Oracle Comments on XML Schema Last Call: from Jim Trezzo on 2000-05-12 (www-xml-schema-comments@w3.org from April to June 2000)

From: Jim Trezzo <jtrezzo@us.oracle.com>
Date: Fri, 12 May 2000 16:03:28 -0700
To: www-xml-schema-comments@w3.org
CC: dbeech@usmail07.us.oracle.com, jtrezzo@us.oracle.com
Message-ID: <391C8DC0.F99B1EA8@us.oracle.com>
Oracle Comments on XML Schema Last Call:

Here are the comments we have collected within Oracle.

   David Beech and Jim Trezzo


Part 1: Structures

1. Identity-constraint table
----------------------------

For reasons of performance, and avoidance of duplicate
implementation, we believe that a conforming schema
processor should always be prepared to pass the
results of its keyref checking in the PSV-infoset.
It could be very expensive for applications such as
query processors to have to redo this work, both in
run-time performance and in implementation effort.

Of course, a schema processor could have an option to
allow applications to say when they did not wish to
receive the information.  However, for interoperability,
applications should be able to rely on conforming
processors making this information available on request,
otherwise they would be forced to always include their
own implementation of what they needed, just in case.

A part of the problem may be that the Last Call draft of
Structures distributes the information across
identity-constraint tables attached to different
element information items.  A single table per document
would seem preferable, both conceptually and as a guide
to a practical realization.


2. Default for Element Equivalence Classes
------------------------------------------

Since the flexibility introduced by element equivalence
classes adds complexity to schema design and to parsing,
we feel that the default should be to block it, rather
than as at present to allow it and affect users who are
not even aware of the feature.

For example, the designer of schema A who declares
element <e> and does not block 'equivClass' thereby
allows the designer of any other schema B for a
different namespace to add elements to the equivalence
class for <e> so that they become valid substitutions
for <e> when it is being validated using schema A.

Not only may this be unintended by the designer of schema
A, but it will increase the parsing complexity and we fear
that it may even lead to ambiguity in the content models
for complex types that reference the declaration of e.


3. SchemaLocation problems
--------------------------

The XMLSchema spec seems to allow one to create XML schemas
which can contain references to element declarations and
type definitions from other namespaces, without having to
provide the schemas that contains those definitions.

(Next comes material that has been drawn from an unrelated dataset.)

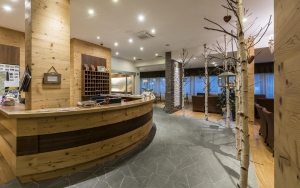 Reception & Lobby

In
effect, each instance document can then suggest the location
of the other schemas, or the schema processor must have
some other way of inding them.

This presents a problem when we are trying to validate
multiple documents against a schema (or create a repository
for documents conforming to a schema), since each document
might suggest changing the type structure for the elements
in this schema.

The upshot of this is that implementations are REQUIRED to
provide a way of locating schemas outside of the <import>
system if they want to avoid using the <schemaLocation> in
the instance documents (which is horrible).

We would like to REQUIRE specification of the schemaLoction
attribute in an <import> element in the schema, so that we
don't have to provide an alternative schema location mechanism
for schemas that come to us without <import schemaLocation=>.
The spec should still allow the <import> to be ignored like
<schemaLocation>, for systems that will find schemas  by
other means.


4. API for PSV-Infoset
----------------------

The information added to the PSV-Infoset will be very
valuable to applications if there is an efficient
practical realizaton of it, e.g. in a standard API.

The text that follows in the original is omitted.